• **How to complete this task**: Find the line containing "Lisa Appleton Mslisaappleton" in the listing below; reproduce it and every line after, exactly. Skip pictures.

• **Data shown**:
━━━━
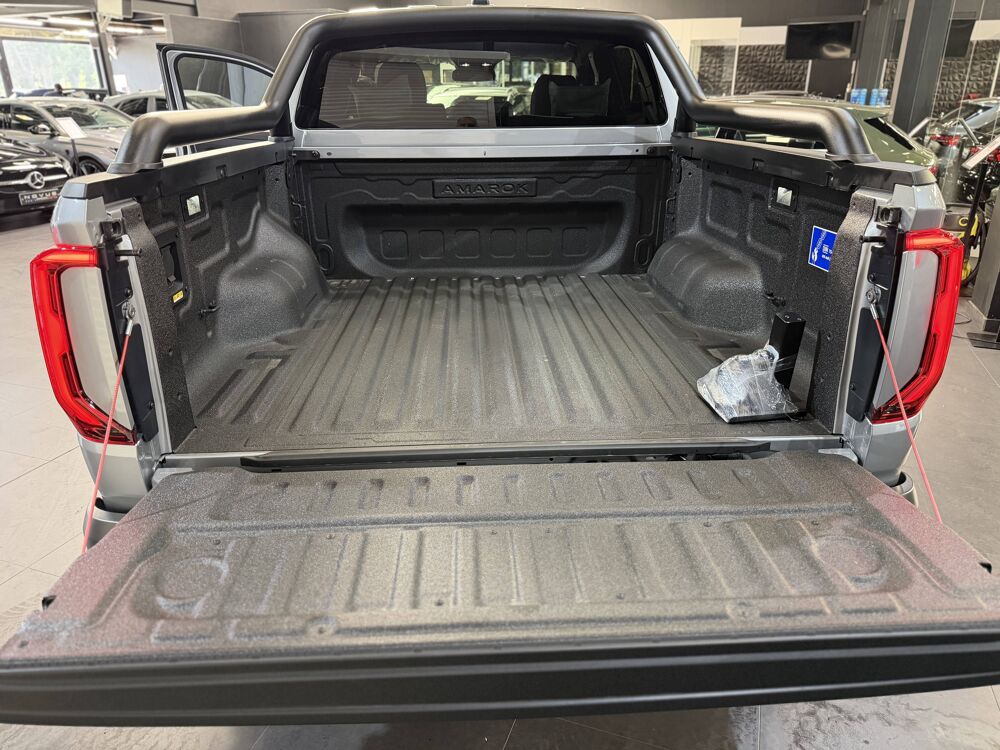 Amarok 3.0 TDI 240 CV PanAmericana Doppelkabine 4Motion 4 PLACES C 2026 occasion 77240 Vert-Saint-Denis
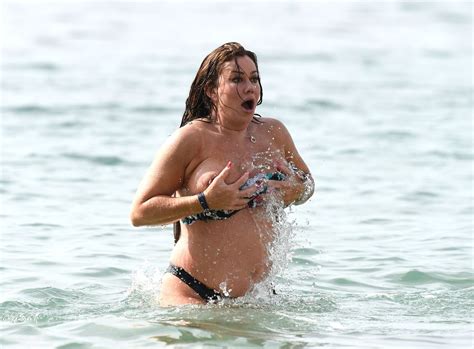 Lisa Appleton Mslisaappleton Nude Leaks OnlyFans Photo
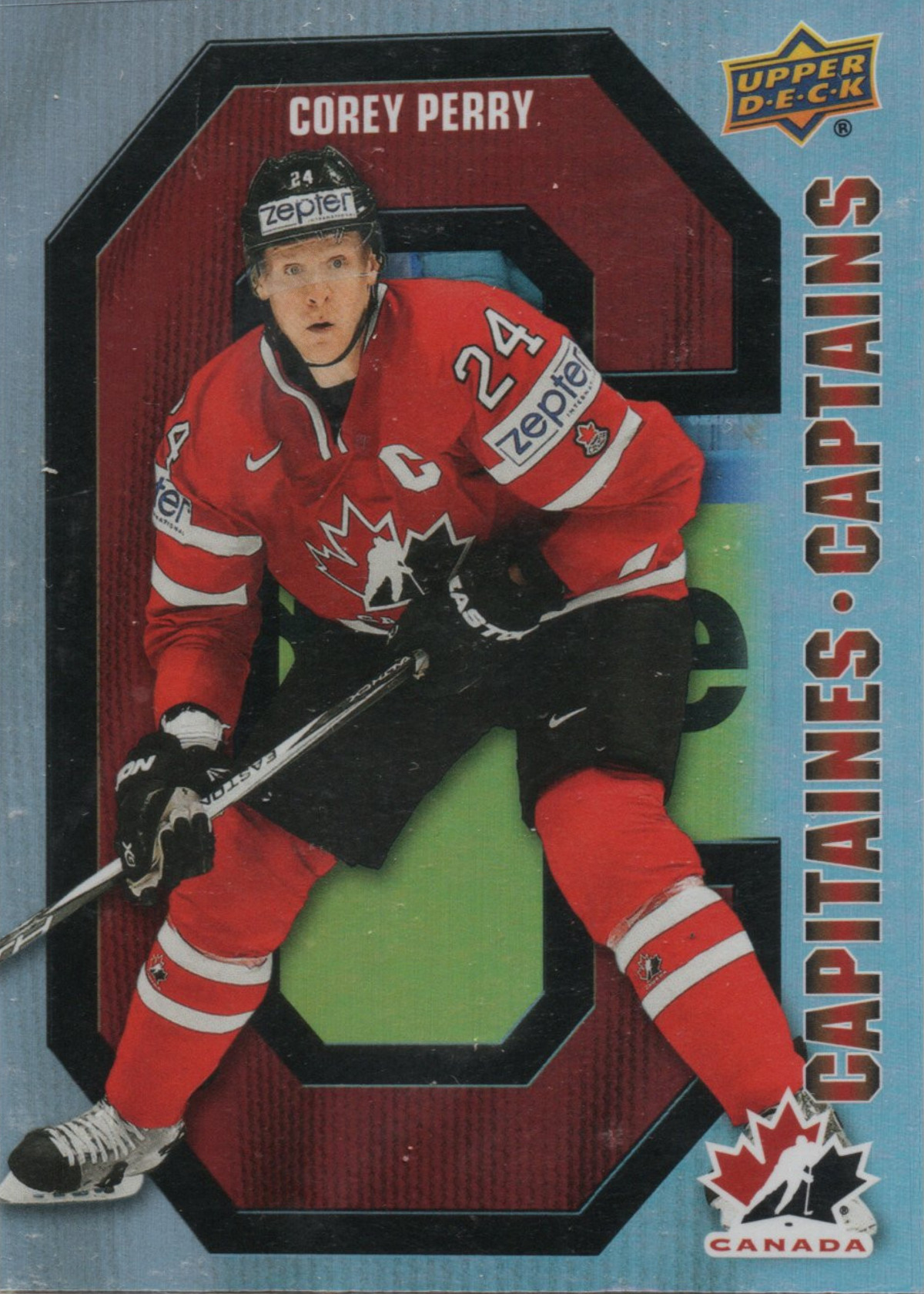 Corey Perry
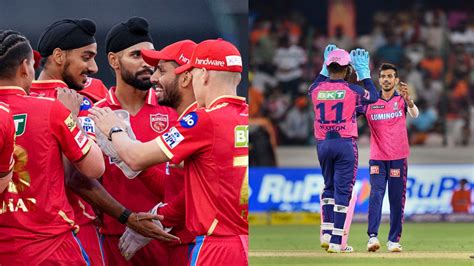 Ipl 2023 Rr Vs Pbks Today Match Prediction Who Will Win Ipl Match 8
━━━━
• **Result of the task**:
 Lisa Appleton Mslisaappleton Nude Leaks OnlyFans Photo
 Corey Perry
 Ipl 2023 Rr Vs Pbks Today Match Prediction Who Will Win Ipl Match 8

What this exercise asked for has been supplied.